* PROVIDED DATA *
+===+
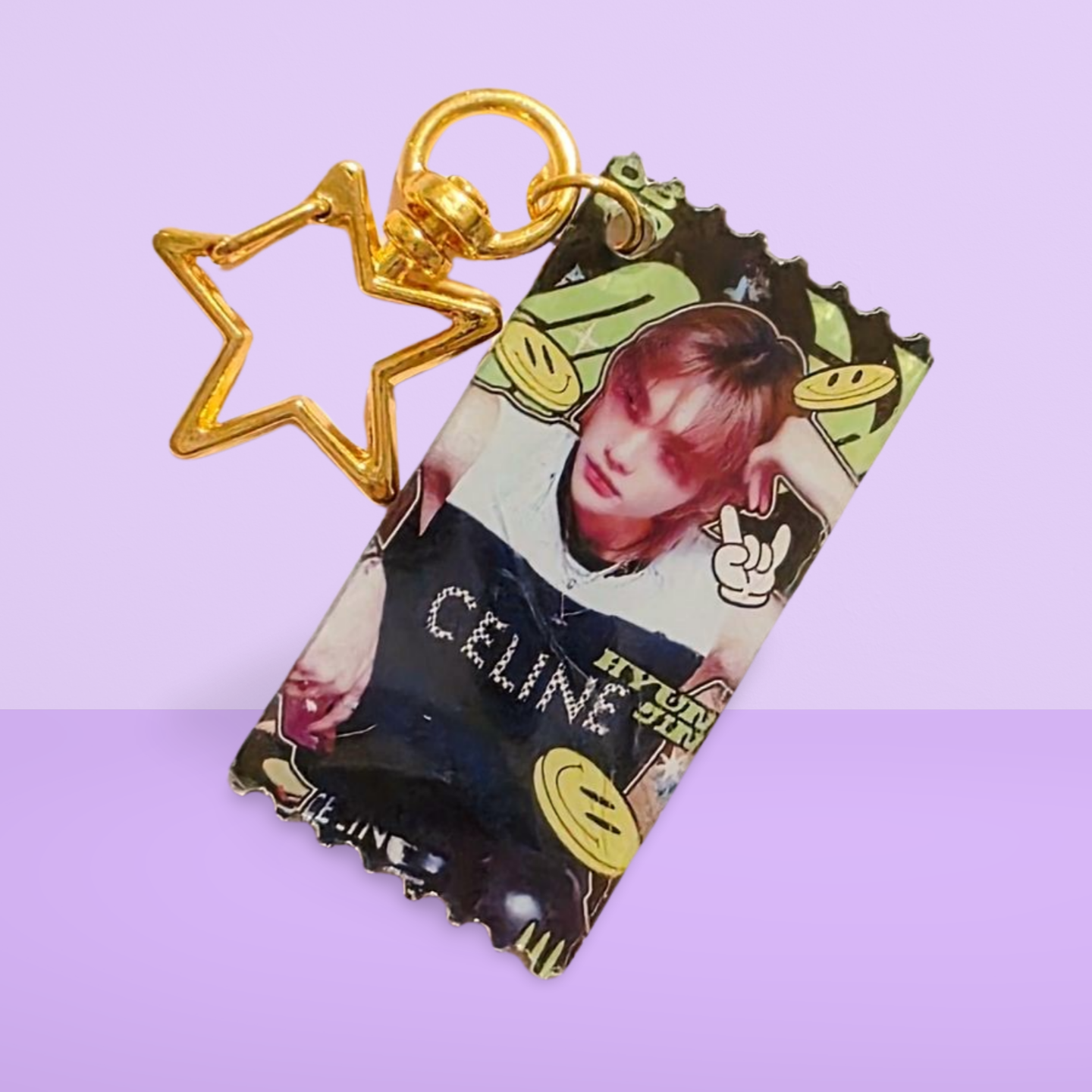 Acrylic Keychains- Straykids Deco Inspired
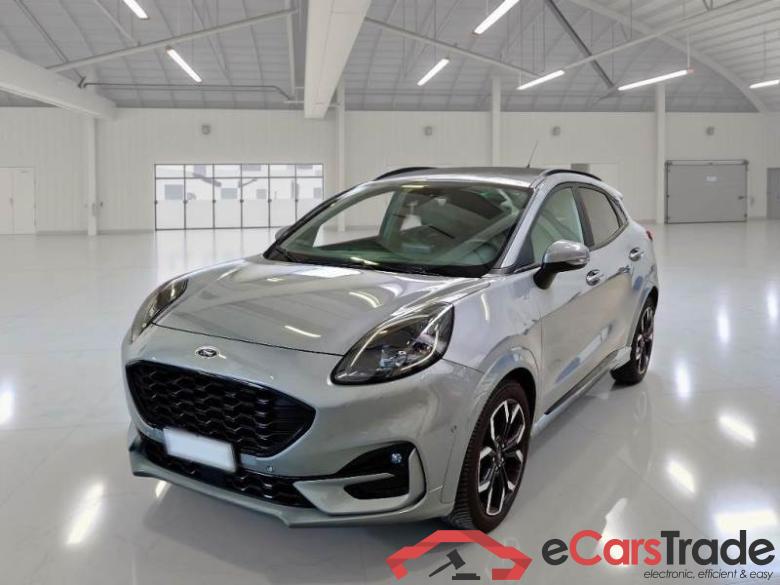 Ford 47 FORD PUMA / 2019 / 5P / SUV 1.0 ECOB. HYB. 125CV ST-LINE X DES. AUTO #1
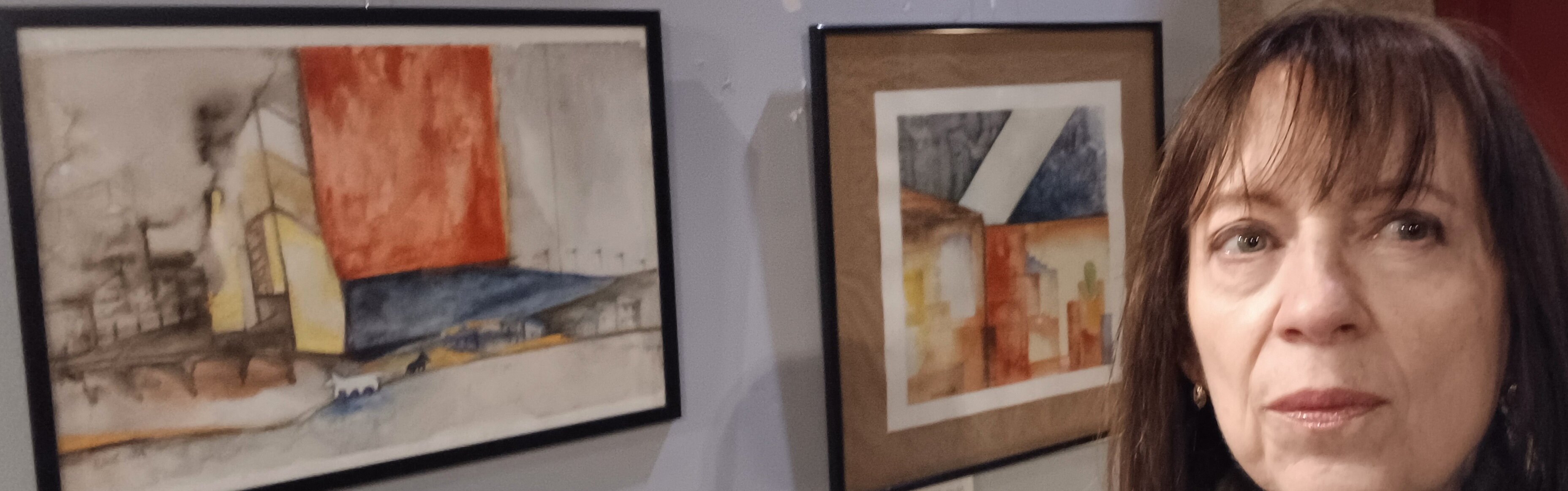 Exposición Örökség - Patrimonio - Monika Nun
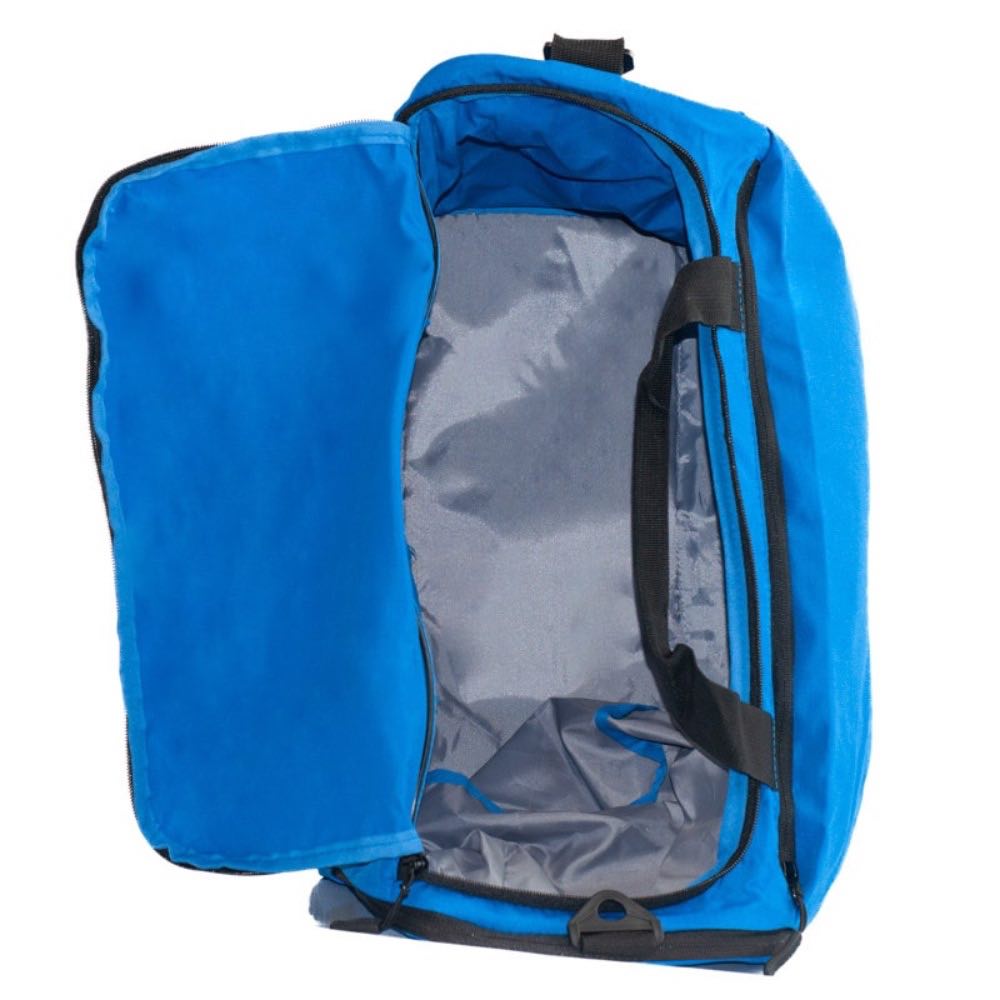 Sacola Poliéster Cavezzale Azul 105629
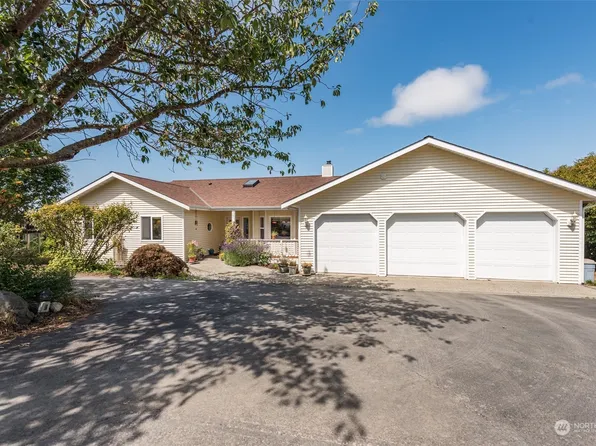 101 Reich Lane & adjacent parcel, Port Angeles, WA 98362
+===+
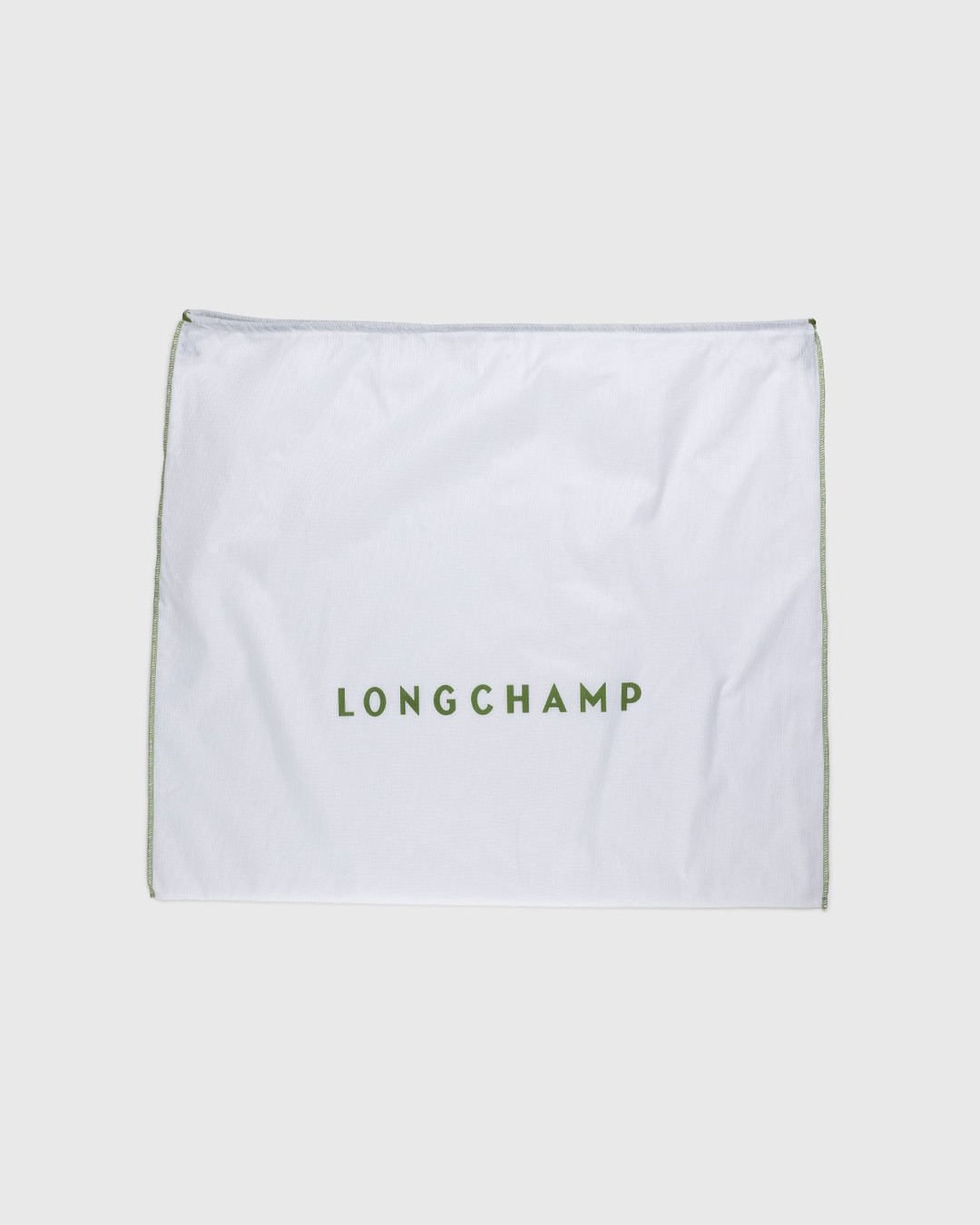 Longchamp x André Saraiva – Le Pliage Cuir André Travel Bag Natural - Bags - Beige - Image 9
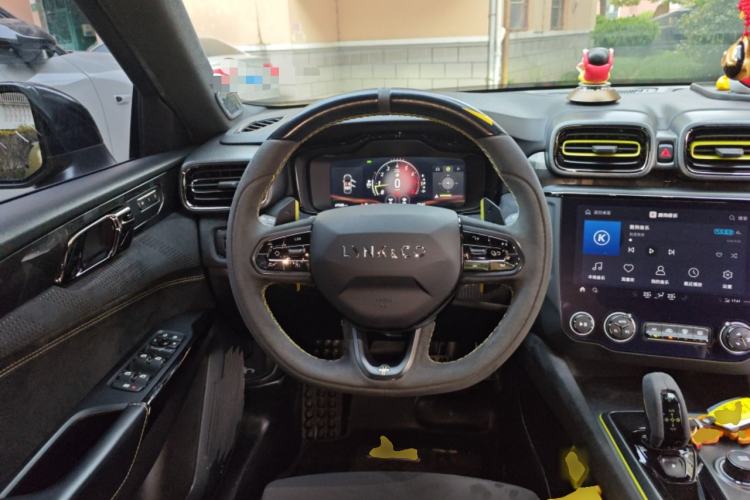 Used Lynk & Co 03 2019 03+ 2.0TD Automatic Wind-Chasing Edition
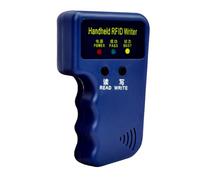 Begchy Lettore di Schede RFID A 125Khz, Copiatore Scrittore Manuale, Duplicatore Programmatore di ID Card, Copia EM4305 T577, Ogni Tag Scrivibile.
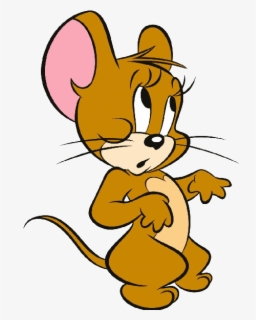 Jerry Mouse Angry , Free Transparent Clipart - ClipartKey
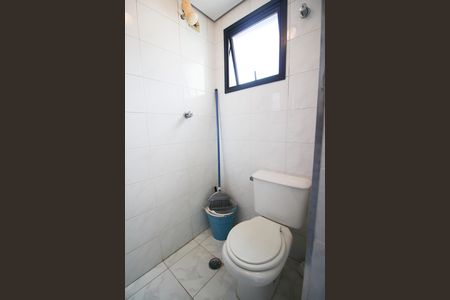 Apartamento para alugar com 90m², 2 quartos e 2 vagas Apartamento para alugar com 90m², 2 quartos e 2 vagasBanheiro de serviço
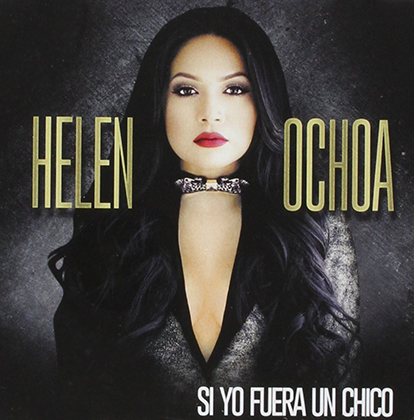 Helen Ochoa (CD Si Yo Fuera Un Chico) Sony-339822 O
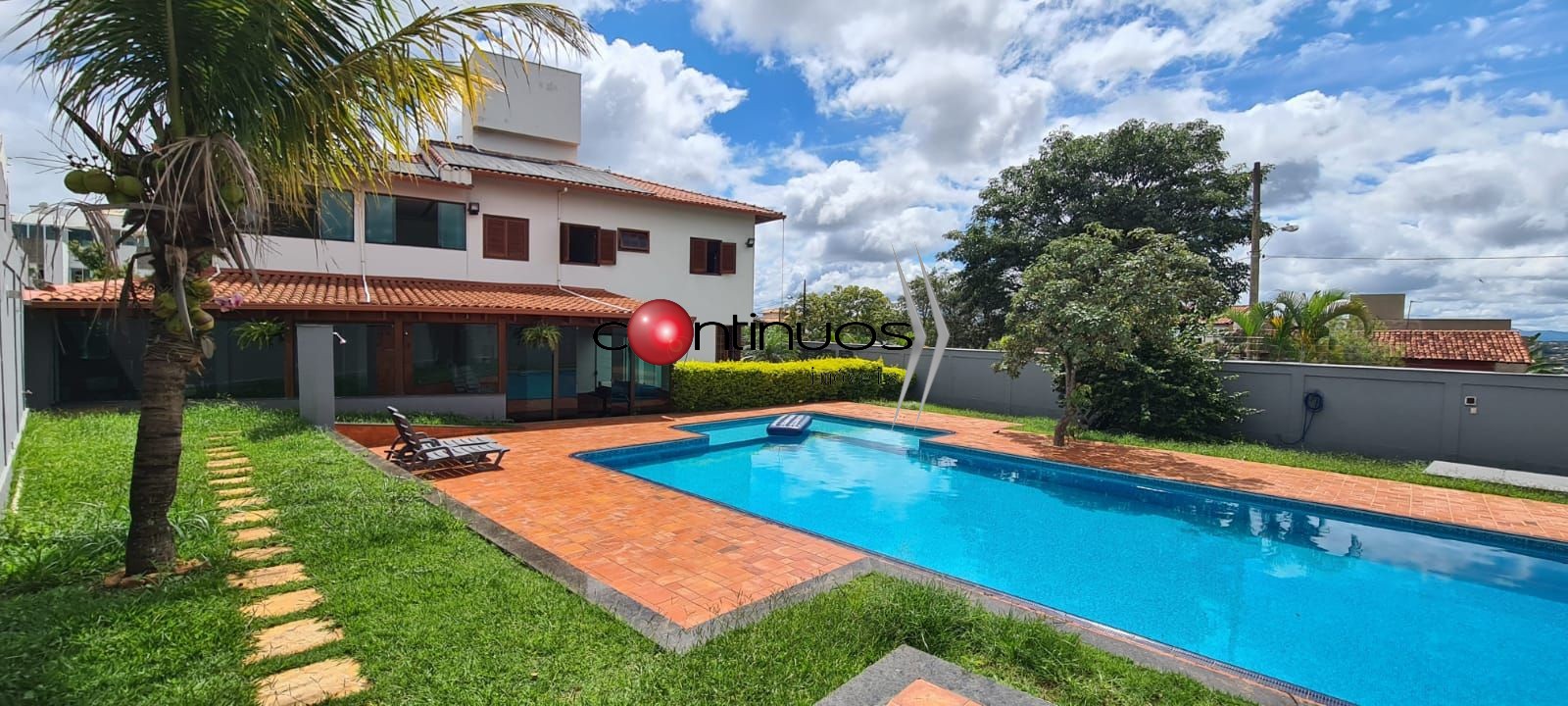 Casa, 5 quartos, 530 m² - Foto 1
+===+
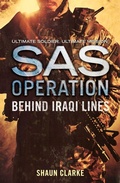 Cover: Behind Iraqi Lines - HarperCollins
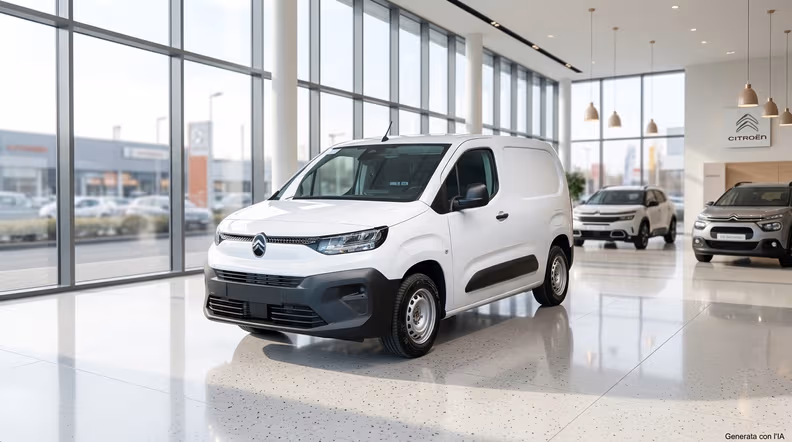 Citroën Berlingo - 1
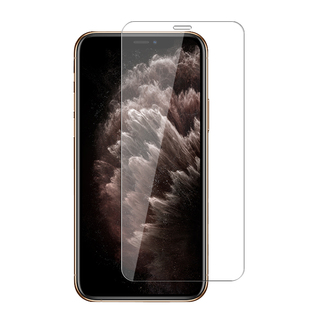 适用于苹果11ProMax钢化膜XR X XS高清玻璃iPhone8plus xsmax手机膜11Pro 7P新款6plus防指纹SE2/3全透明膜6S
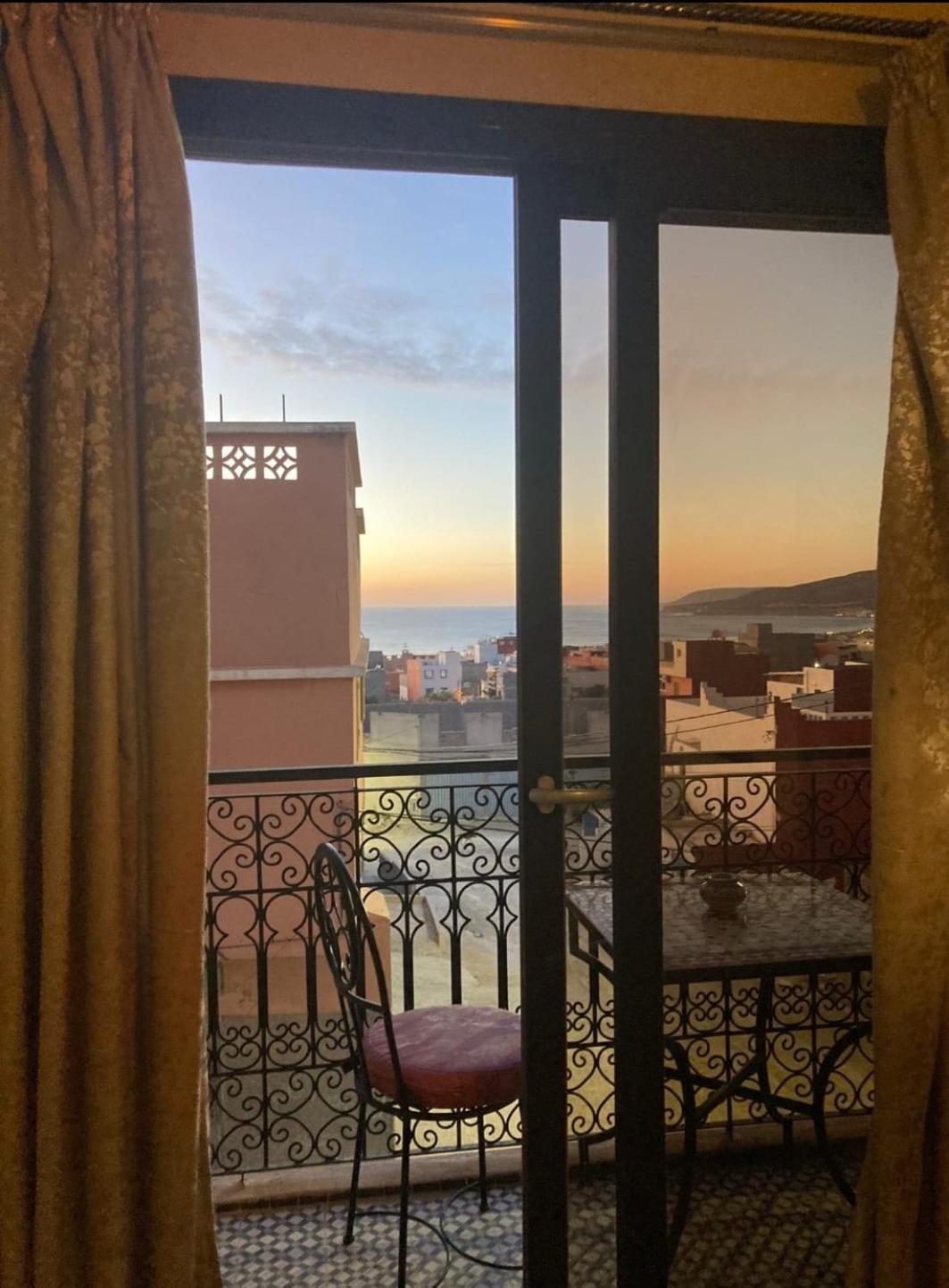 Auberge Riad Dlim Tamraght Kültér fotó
+===+
* WHAT THE TASK ASKS *
From the data above, return only the lines starting at the line that holds "Exposición Örökség - Patrimonio - Monika Nun" and ending at the line that holds "101 Reich Lane", word for word and without pictures.

* ANSWER TO THIS TASK *
 Exposición Örökség - Patrimonio - Monika Nun
 Sacola Poliéster Cavezzale Azul 105629
 101 Reich Lane & adjacent parcel, Port Angeles, WA 98362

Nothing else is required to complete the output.